Firstly, it introduce the literary device of an unreliable narrator (a device used far more elegantly in Jo Walton’s Farthing and with greater intelligence in Peter Watts’ Blindsight). This kind of device has been around since the days of Chaucer’s Canterbury Tales so it is not a particularly new or interesting conceit. The problem is that Barnes then does absolutely nothing at all with the idea until then end when, almost as an after-thought we learn that the narrator was in fact the chief narrator. So as with the plot, the characters and most of the other ideas, Barnes likes the idea of writing a book with an unreliable narrator but he then immediately loses interest and fails to develop the idea further. This is related to the second purpose served by the opening paragraph.
By having his narrator not only criticise the book but also question his own reliability, Barnes is attempting to be clever and get the criticisms of the book in before anyone else has a chance. This desire to be clever, even at the cost of authenticity, suffuses the book with a tone that is as smug as it is arch. By opening with a literary device and closing with a piece of obfuscatory speculation about the Somnambulist’s true identity, Barnes is desperately trying to show how clever and knowing he is. The problem is that by the end of the book the graveyard of abandoned ideas is practically over-flowing. Had the book not been written by someone with the attention span of an over-caffeinated goldfish then The Somnambulist might have competed with the likes of Mark Gatiss’ Lucifer Box novels as a period detective story. Had Barnes chosen to develop his embryonic ideas about the mythology of London then he might well have had a book comparable to Gaiman’s American Gods or Neverwhere. Instead we have a book that is little more than a smug avalanche of increasingly tedious whimsy. This is not just a tragedy, it is an outright travesty.
At last! A sanity check! I just finished The Somnambulist last night with more questions than answers. This book left me unsatisfied and disappointed. I enjoyed the beginning of this story and was settling in to what I thought would be an enjoyable read. The next thing I knew, I was overwhelmed with characters and situations and I became more and more puzzled. By the time the Prefects came along, nothing made much sense any more and I had ceased to try to connect anything. The "lie" the narrator admits to was a trifle in the greater scheme of things and, by the time the narrator made his reasons clear for summoning Moon, I had ceased to care. I continued reading until the end just to see whether or not the narrator, at the last moment, would reveal something earthshaking that would make the conglomeration of characters come together somehow. That never happenend - at least not for me. I'm enjoying perusing your site; this is my first time here. I found you while searching for reviews of The Somnambulist. I'll be a frequent visitor!

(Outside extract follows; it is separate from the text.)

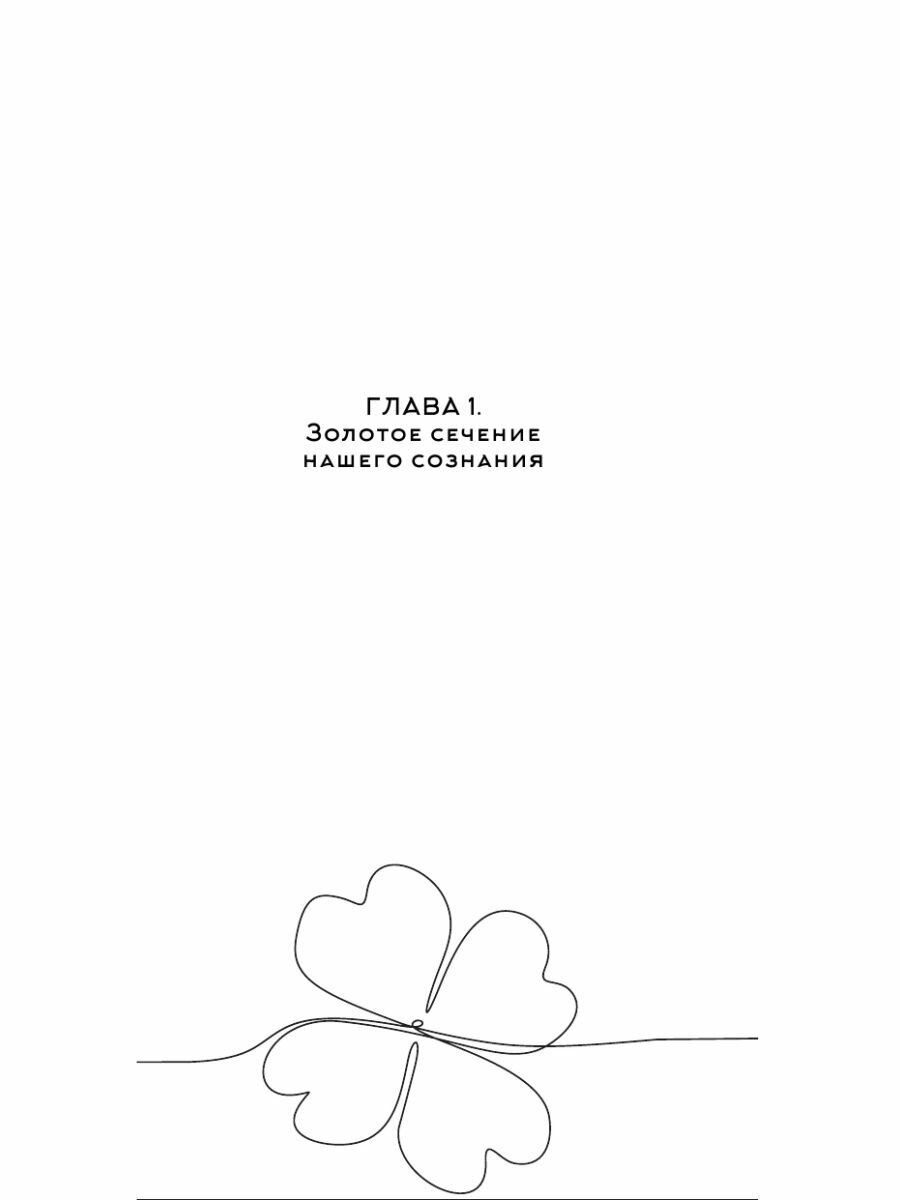 Начни жить иначе: секрет твоего счастья - фото №13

Posted by: Pat Elliott | April 10, 2008 at 04:39 AM
I agree entirely with the fact that it could have been so much better and that there were more questions than answers and that the answers were usually full of holes, but I can't pretend I didn't enjoy the book. Whatever faults this book has, it still held my attention for the whole time I read it and left me feeling excited when I finished.
Can't deny being biased though, I'm obsessed with books full of querky characters.